I personally recommend that, physical connections be solid lines and logical connections be dashed lines ( - - -).
In most cases I recommend using a color code for the connections to show what protocol, physical medium (Ethernet, RS-485, RS-232, etc.) is being used.
You would typically list this in the upper right-hand corner as a legend.
Step 5: Draw the direction, priority, and type of data that flows across the physical and logical connections, number your data flows
Now that you have the physical and logical connections added to the integration map, I recommend that you go and add the direction in type of your data flows.
For data flows I recommend using dots ( ● ● ●), instead of dashes or solid lines.
You will want to list out the direction that your data flows in, the priority level of the data (four commands and quality of service), the size of the data being sent, and the type of data that is being sent.
You will also want to number your data flows.
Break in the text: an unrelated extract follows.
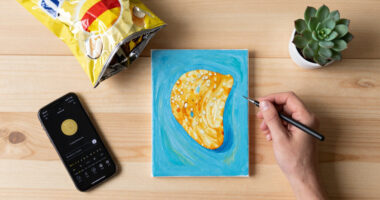 The moment I knew: I gave her one of my paintings, she gave me an empty chip packet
I will be talking more about data flow, data models, and system requirements in lesson 7.
Step 6: Take your numbered connections and data flows and list them in a spreadsheet
Now that you have your connections in data flows numbered, you will want to list them out in a spreadsheet. In this spreadsheet you will want to show, what physical connections, logical connections, and data flows connect between what systems.
You will also want to list out the following information.
For your physical connections you will want to list out:
- What systems are connected by the physical connection
- The media type of the physical connection
With the logical connections you will want to list out:
- What systems are connected by the logical connection
- The protocol type of the logical connection
- Any software and/or services that the logical connections originate from or and at (often times these are called endpoints)
Finally, with your data flows will want to list out:
- The system(s) that the data flows from
- The system(s) that the data flows to
- The priority level at which the data flows
- The size of the data flow (typically defined in bytes per second)
with all of this information defined you’re now ready to move on to laying out your data model and system requirements. Some of you may be asking why I waited to have the data model after the integration.
I have found that if you don’t map out should your data flows and logical connections prior to creating the data model you can often miss or add data that you do not need.
I’ll be talking through this in, in greater detail in lesson 7.
There you have it, step-by-step process for creating systems integration maps that will help you ensure that your system integration projects execute smoothly.